We had lunch in the assembly hall (built in 2009 by the business men of Claverley, a small village just outside Bridgnorth and the founders of the relationship with Umonga) and then it was time for the welcome ceremony. it is worth noting the Tanzanian custom of washing your hands just before you eat, often, in a private house having the host administer the hot water from a jug …

Firstly we were introduced to the head prefect, the head boy, the head girl and the first secretary, all students in form III or IV (there are four year groups or forms in the school) and then it was my turn … in my best Swahili, which really isn’t great but Fred helped and my pronounciation and spelling has improved markedly … the students only chuckled a little at what I said … The Earls students introduced themselves in Swahili, as did our teachers and then we sang them a song (call and response in English and Swahili that Miss Hackett had put together and the students learned quickly) before we were serenaded by the Form I students in English and Swahili.

Then we had a Q&A with Rose where she told us the history of the school and explained that a school day starts at 7.30 am with the students cleaning the school, including the toilets, picking up litter, sweeping the classrooms and the site with some mopping on Friday, with teaching running through until 5pm apart from Fridays when they finish early so that the Muslim children can go to prayers.

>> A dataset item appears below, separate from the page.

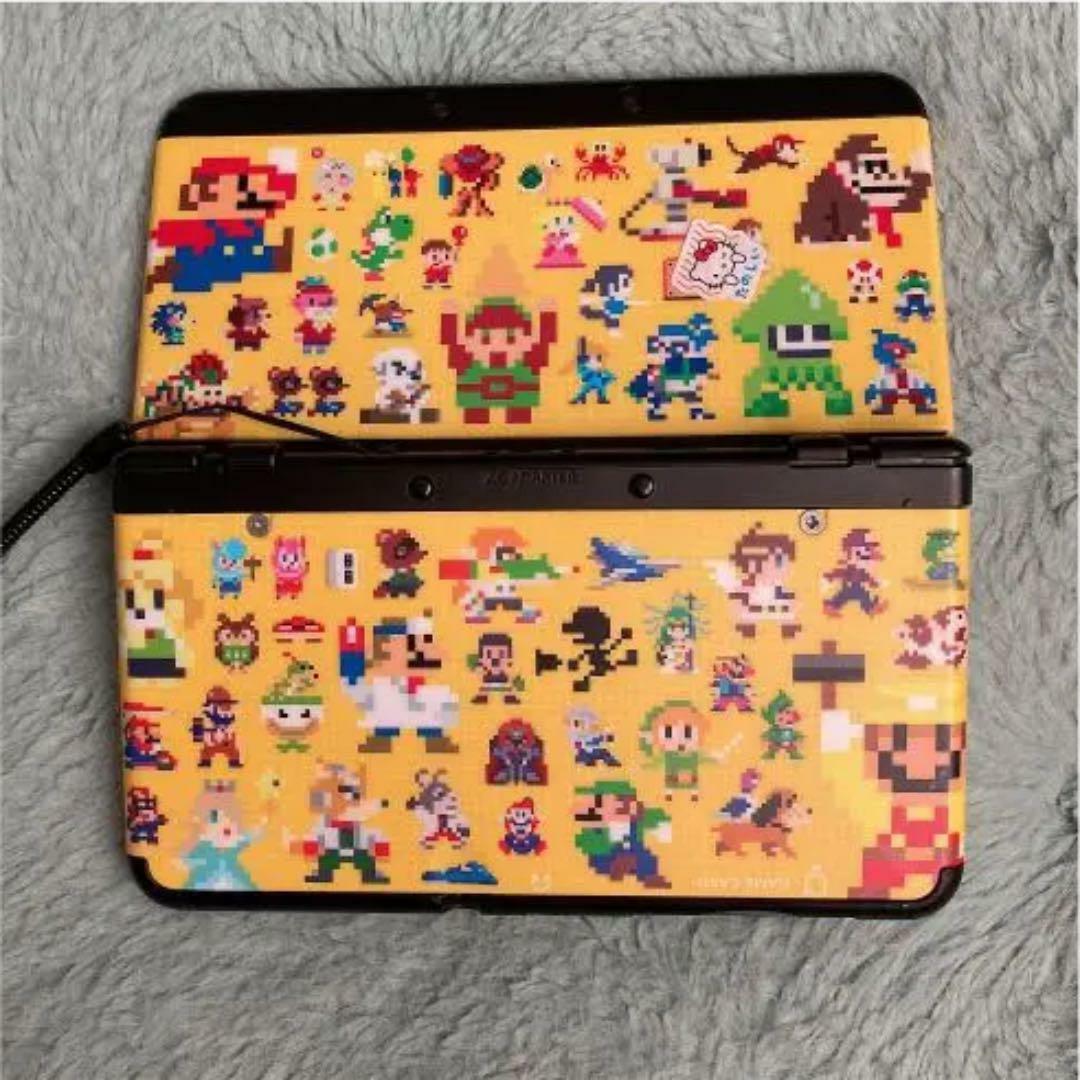 New Nintendo 3DS Kisekae Plate Pack Super Mario Maker Design Console only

She explained that secondary school is now free to parents up to form IV but although they had, since the start of February, cooked food for students, still only 50% purchased the food, the rest went without all day (including the orphans – more on that later as I think it through as it only costs 12,000 tsh to feed a student for a month which is about £10) … but what was nice to see was how the school has developed since I started the educational partnership with them in 2012, and how they have spent some of the money that we have donated over that time … including developing staff accommodation with our partnership enshrined in the wall.

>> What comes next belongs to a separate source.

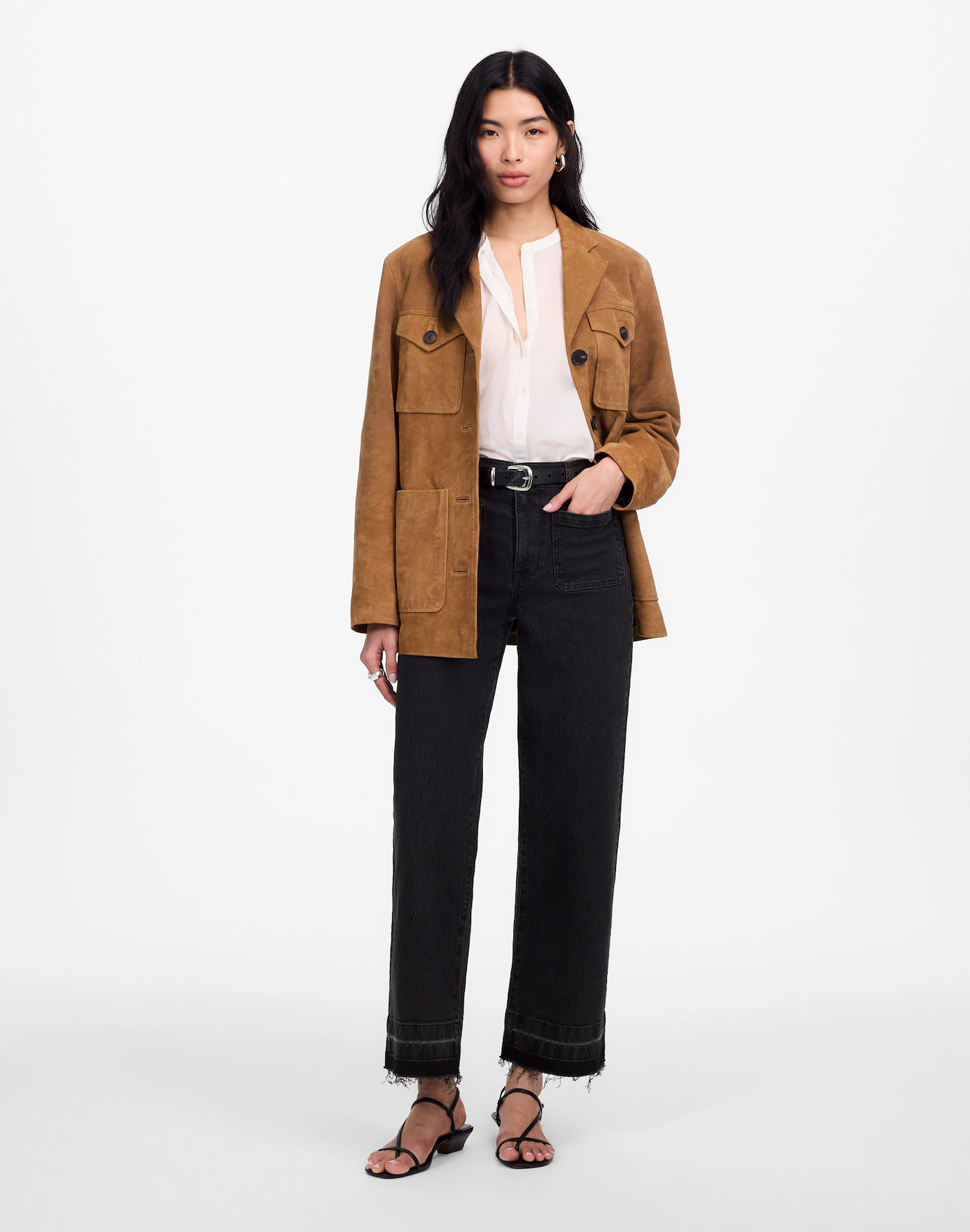 Emmett Wide-Leg Jean: Let Down Hem Edition | Madewell | Madewell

After a journey back to the Four Points Hotel via a supermarket someone found about that the WiFi was fixed … but only two or three could be on at any one point … so joy, and consternation but I managed to finally, over an hour and a half get the blog from yesterday to upload with pictures … worth the effort I hope?

Unfortunately the pool wasn’t fit to be used today, which was disappointing for all, something about the chlorine levels … but yet again the students rose to the occasion with no questions or concerns and just enjoyed the time on the swings and roundabout … Miss Barnes and Fred popped off to the police station … an experience all of its very own … and we settled down to a nice dinner of marinaded beef cubes and vegetables, with the obligatory chipsies!

Suddenly the skies opened and a rain storm of biblical proportions, with huge lightning bolts and incredibly loud thunder that made the earth shake fell upon us … and as I write four hours later, it is still raining but more subdued in the last 30 minutes … meaning that parts of the hotel let in water where you thought they should remain dry … lots more insects invaded the hotel to get away from the rain, corridors flooded and a couple of rooms had small puddles in them … there was some consternation at the thunder, but we calmed them with games of cards and quiet words and got through it. Some however, you would have been forgiven for thinking they had never seen rain before … they were a touch hyper, but I think part of that was from the emotion of the day needing a release …

Well, I’m off to bed, if this and the photos will upload quickly … looking forward to a fresh bright day tomorrow … for now I will sleep with the sound of the toads in my ears as the heavy rain has awoken them from their slumber … good night all … Mr L

Leave a comment

7 thoughts on “God bless the rains down in Africa …”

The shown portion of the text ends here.